The aliens were stowaways running from their own planets, crammed into human skin, walking and living amongst under humans’ (or Earthians’) noses for ages. Assimilating our culture, our language, our livelihood, our workplaces, until they decided to have a voice on their own and march under a banner of ‘Aliens United: We have rights!’
Thousands of protests have since bombardment the streets, poor roads abused under the heavy footfalls of too many over-zealous species wanting their selfish – I mean fair – piece of the pie.
Suffice to say many sacrifices have been made, breaths wasted, speeches prepared and rising a wave of action or falling on deaf ears, blood spilled and tear gases wasted. All due to Earthians (humans) torn between wanting the aliens in or out. A multitude of social groups, biological diversity groups, cultural ideology groups, rose and fell, alongside ruling parties risen or ousted depending on the sway of opinions dominating at the time.
Until after an undetermined length of time, the motherload of an all-powerful alien ship arrived to cast a shadow that blanketed the two most powerful nations of the time (of which their names have fallen into obscurity, instead is now known as the Land of the White and the Land of the Yellow). Seeing that all the military tech and might of the world added together could not best the colossal mother fucking ship, the most logical course of action, was of course, to raise the white flag.
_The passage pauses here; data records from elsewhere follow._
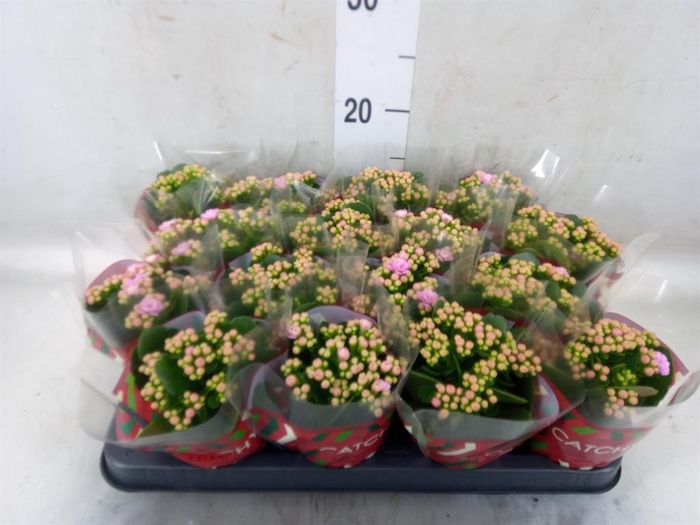 <h4>Kalanchoe blos. 'Calandiva Zeta'</h4>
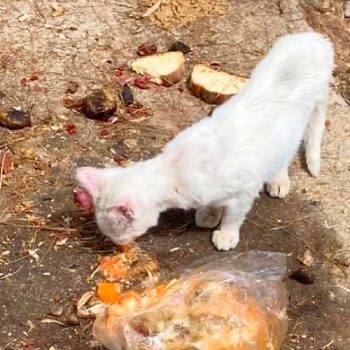 One of two 2-year-old cats for adoption eating in the street.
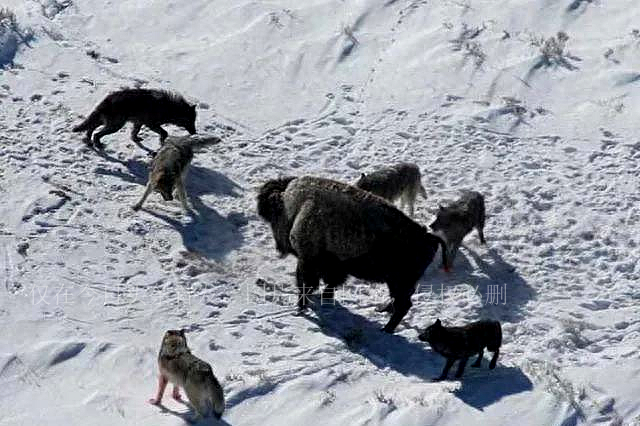 开挖掘机遇到猛兽,挖掘机加满油可以对付狼群么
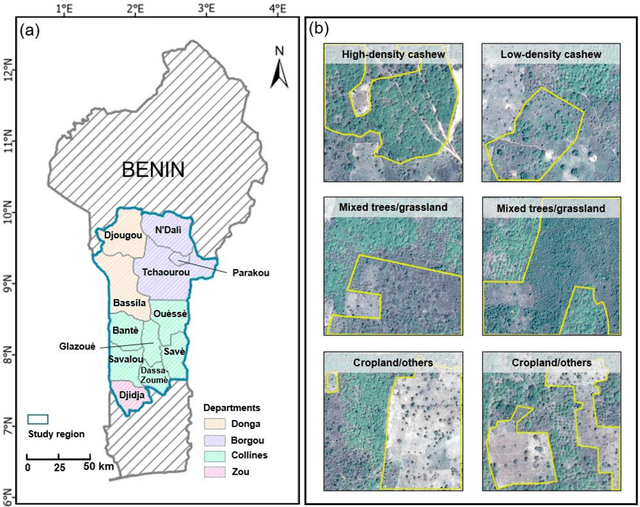 Figure 1 for Mapping smallholder cashew plantations to inform sustainable tree crop expansion in Benin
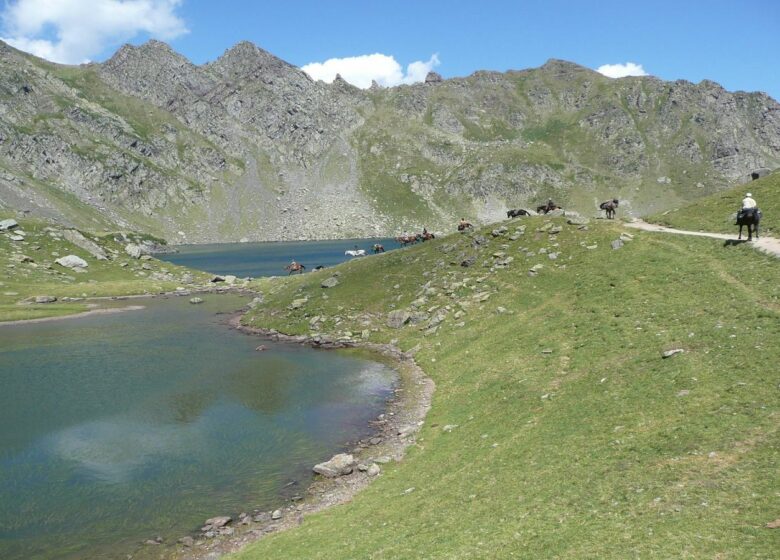 Chevauchée Pyrénéenne Les chevaux d’Ossau – Accompagnateur équestre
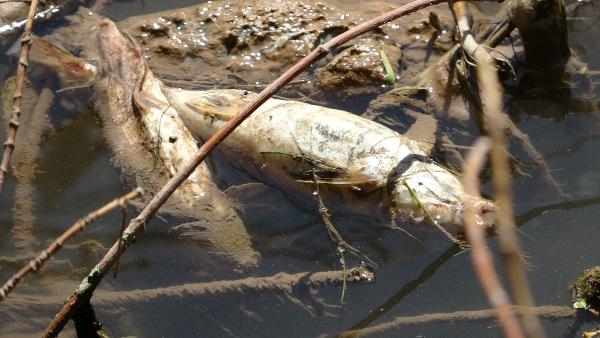 Türkiye'nin en uzun nehri Kızılırmak'ta balık ölümleri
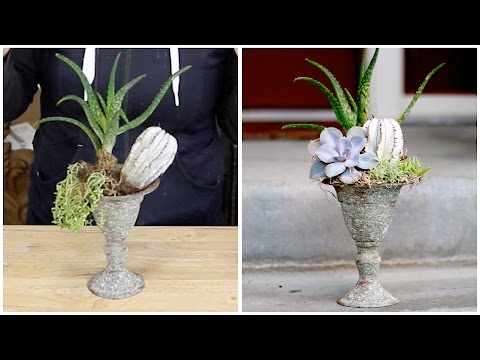 Fixing a Damaged Succulent Arrangement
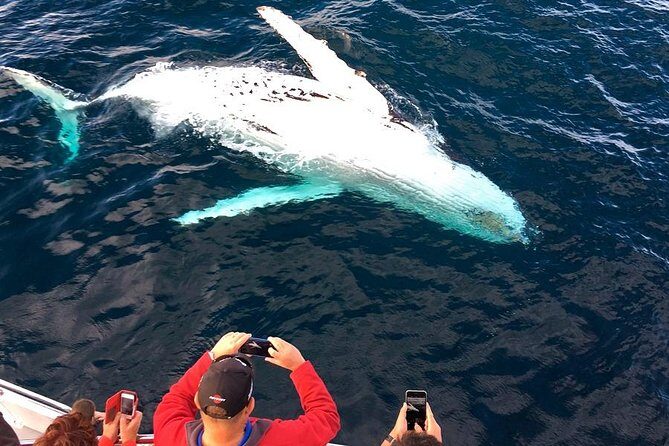 Whale & Dolphin Watching Cruise in Puerto Vallarta All Inclusive - Check-In Timing and Port Taxes: The Things That Can Eat Your Minutes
It was a surrender without a fight.
And thus Earth was collected into the consortium of vast numbers of planets across galaxies, each carrying their own zany collection of life forms.
Which was really more a plus than a minus. Because instead of trudging up the impossible challenge of traversing across space at light years (which became an urgent priority and sparked enthusiasts worldwide since the aliens ousted themselves), Earthians were given the tech, and access to a wealth of otherworldly, advanced knowledge.
Along with it of course, came in the oddities of habits and cultures that derailed and spun half the Earthian population into wayward vice and downright ridiculous notions (such as air sex and sucking in nicotine through the asshole) but hey, to each their own interests right?
At least it can be said a wealth of new experiences were introduced to open the minds of the tiny Earthian brain. And it was all thanks to the aliens who exited that gargantuan ship on that fateful day, and in a milestone recorded and taught to every Earthian, their first words said were:
“Greetings Earthlings! We come from outer space. We come in peace.”
That cemented our path to the glorious future of space travel and living and made every science-fiction fan’s dream come true.
Turned out the missionaries represented a cross galaxy, united organisation which go by ‘Star Trek’, and that the existing, long-time running drama at the time, was actually real accounts by the Star Trekkers. It was never really clearly specified how the info got transmitted. But the short explanation was, one of the earliest founders, was an Omni-potent spiritual being who used his transient intelligence and powers combined with high-tech beaming, to feed the stories into the then show creators in their dreams. It hence gave them the inspiration to spawn the story into a never ending, popular science fiction drama.
And so, it became easier for the real Star Trekkers to sort of re-introduce themselves, since Earthians were already familiar with them. Hell, there wasn’t much protest, not as much as what the first wave of zealous aliens brought on, since nearly the entire planet were Star Trek fans long before they appeared in the sky.
In fact, their appearance only spawned a new religion, but it’s getting a tad too long and redundant to continue here, and I think I’m starting to lose the point, so let me just stop my rambling at this stage, because what do you know?
I’ve reached the stairs leading up to my quaint, cosy apartment.